Through Figure 3, Figure 4, Figure 5, Figure 6, Figure 7, Figure 8 and Figure 9, we noticed the offline decision tree classifiers had better results than the Hoeffding Adaptive Tree online ML because their learning is performed with the complete dataset and without the restriction of time and memory resources. On average, the best offline ML F1-score classifiers outperformed the best online ML F1-score classifier (HAT) by 3.17% in accuracy, 4.38% in precision, 14.81% in recall, and 12.08% in F1-score, while the difference in accuracy is relatively small, we notice that the F1-score, which depends on other metrics (see Equations (1)–(4)), results in a particularly large difference, as can be noted in Figure 10. So, the accuracy is not a good metric for this evaluation, because of the unbalanced datasets (with one class having significantly more instances than the others), the small number of attacks used, as can be seen in Table 2. The use of F1-score is the most suitable to identify the differences in the classifiers’ performance in these unbalanced cases.

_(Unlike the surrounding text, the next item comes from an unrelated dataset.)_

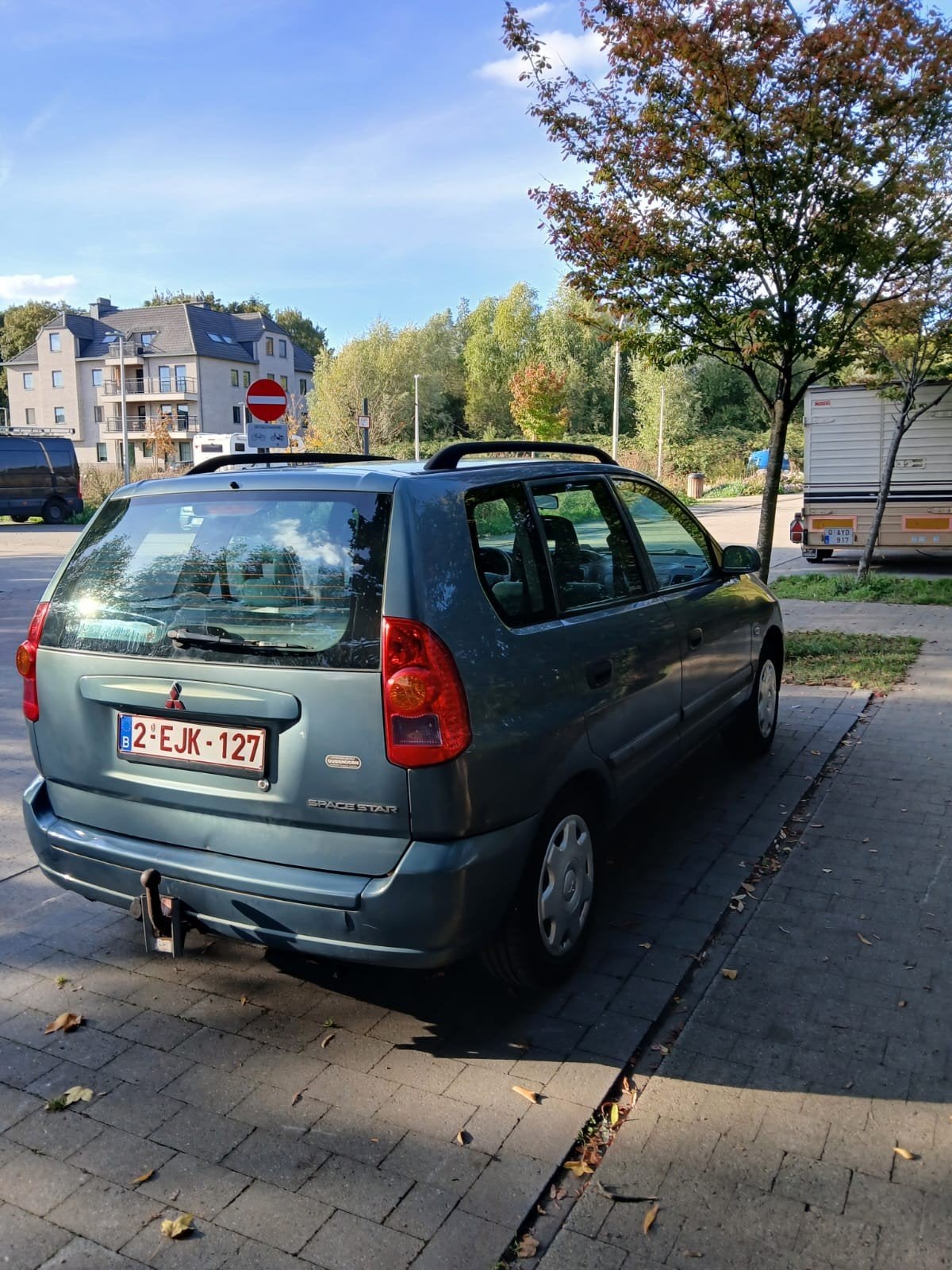 mitsibushi spacestar, Autos, Particulier, Essence, Achat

Figure 10. Comparison of best offline algorithm and online reference (HAT) in terms of F1-score, recall, and precision for all datasets.

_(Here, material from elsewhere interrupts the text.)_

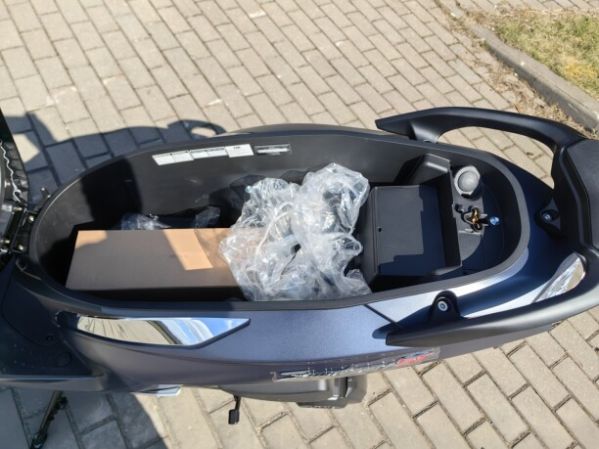 Sym Symphoni ST 200, 2026 г.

From Figure 10, we can see the differences between the online and offline ML average F1-scores (yellow line). The Morris-4 and BATADAL datasets show the largest performance differences (55% and 20%, respectively), indicating that these two datasets are the most difficult for the online ML methods. The Morris-1 and SWaT datasets show smaller differences (6% and 5%), while the remaining show no significant difference (less than 2%).
Figure 11 shows the evolution of the HAT F1-score results each datasets as more and more instances (samples) are processed; we show a percentage of instances because each dataset has a different number of samples. The worst result was verified in BATADAL, followed by Morris-4, Morris-1, Morris-3 water, SWaT, Morris-3 gas, and ERENO. One of the reasons BATADAL has such bad results is the lack of attacks during most of the initial time. As the dataset is unbalanced, the model does not have enough samples to learn about the attacks.

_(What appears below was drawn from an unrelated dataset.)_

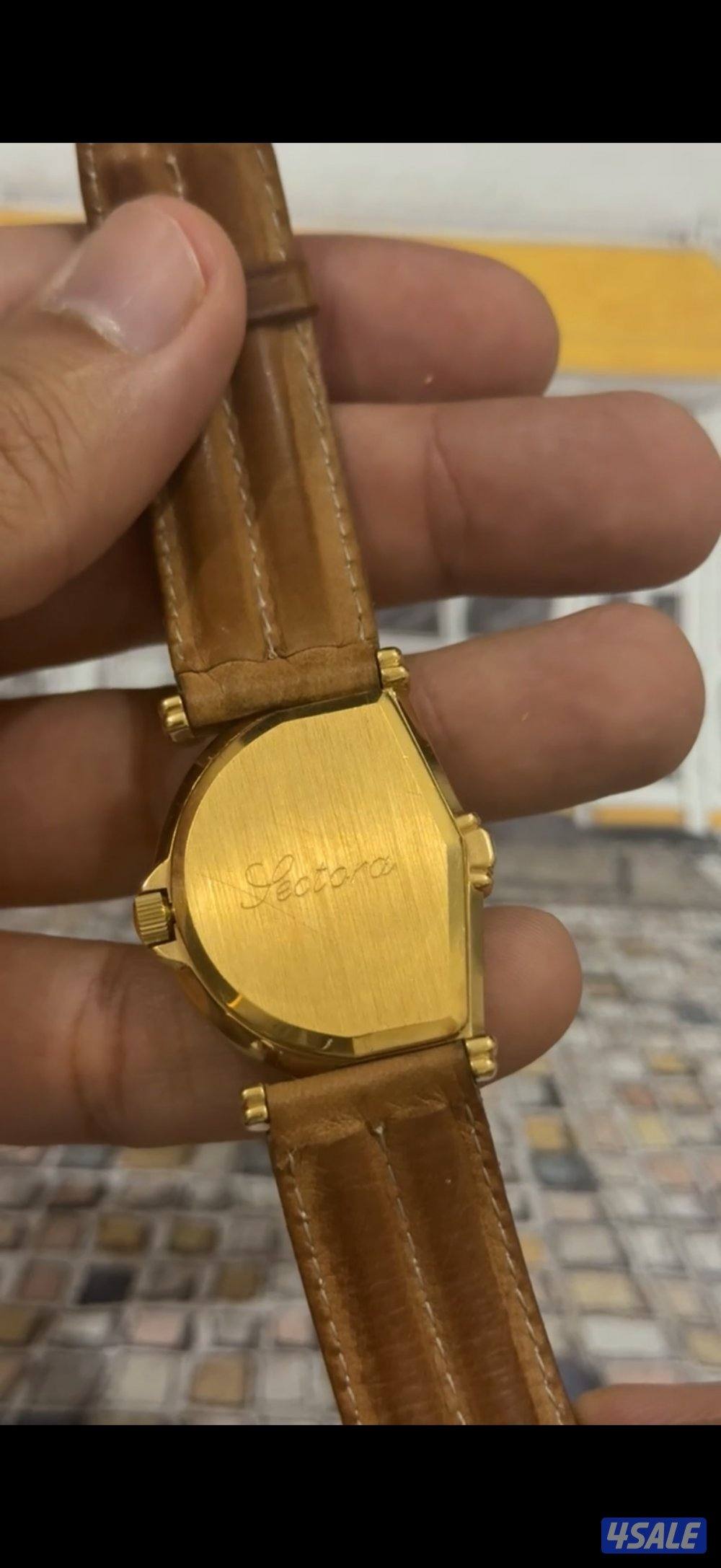 ساعة اوميقا + جانديف نوادر4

Figure 11. HAT F1-score of all datasets.

6.2.2. Run Time Performance

As mentioned above, intrusion detection must be performed quickly. Figure 12 summarizes the time it took for offline and online classifiers for each dataset. Overall, the dataset size (number of instances) is directly related to the amount of time spent by both offline ML and online ML. To isolate that factor, we report the average run time spent per instance (log scale) to compare the classifiers for the different datasets.
Figure 12. Offline and online classifiers’ average run time per instance.
In our study, we evaluated various offline classifiers using different datasets, focusing on their performance in terms of F1-score. We found that the top-performing classifiers exhibited an average training time of 530 μs per instance and an average test time of 40.6 μs per instance. This stark difference between training and testing times indicates that the majority of the computational effort in offline classifiers is spent during the training phase, which is approximately 13 times slower than the testing phase. During training, the Random Tree, REPTree, J48, and Random Forest classifiers (the best offline models, as can be seen in Table 3) invest time in generating decision trees to build the learned model. However, the Naive Bayes classifier demonstrates a faster training time compared to the others since it focuses on generating and calculating probabilities for assigning input features to specific classes. It is worth noting that in all models, the testing phase is generally quicker than the training phase as it primarily involves the application of a decision rule to assign inputs to their respective classes. These findings shed light on the time distribution and computational characteristics of the evaluated classifiers, providing insights into their practical usage and efficiency in real-world scenarios.
Therefore, while the best offline classifiers in terms of F1-score had an average of 0.93, 0.12 better than online HAT classifier F1-score, its learning time per instance is 9.78 times larger than that of HAT. So, there is a trade-off between the best metrics of offline classifiers and the faster time of online classifiers. On the other hand, we must comment the delay problems that might happen because of the labeling (Figure 1). If the labeling process has problems, a bigger delay must be inserted after the arrival of the following samples. These malfunctioning might compromise the online ML real-time response and compromise the entire process.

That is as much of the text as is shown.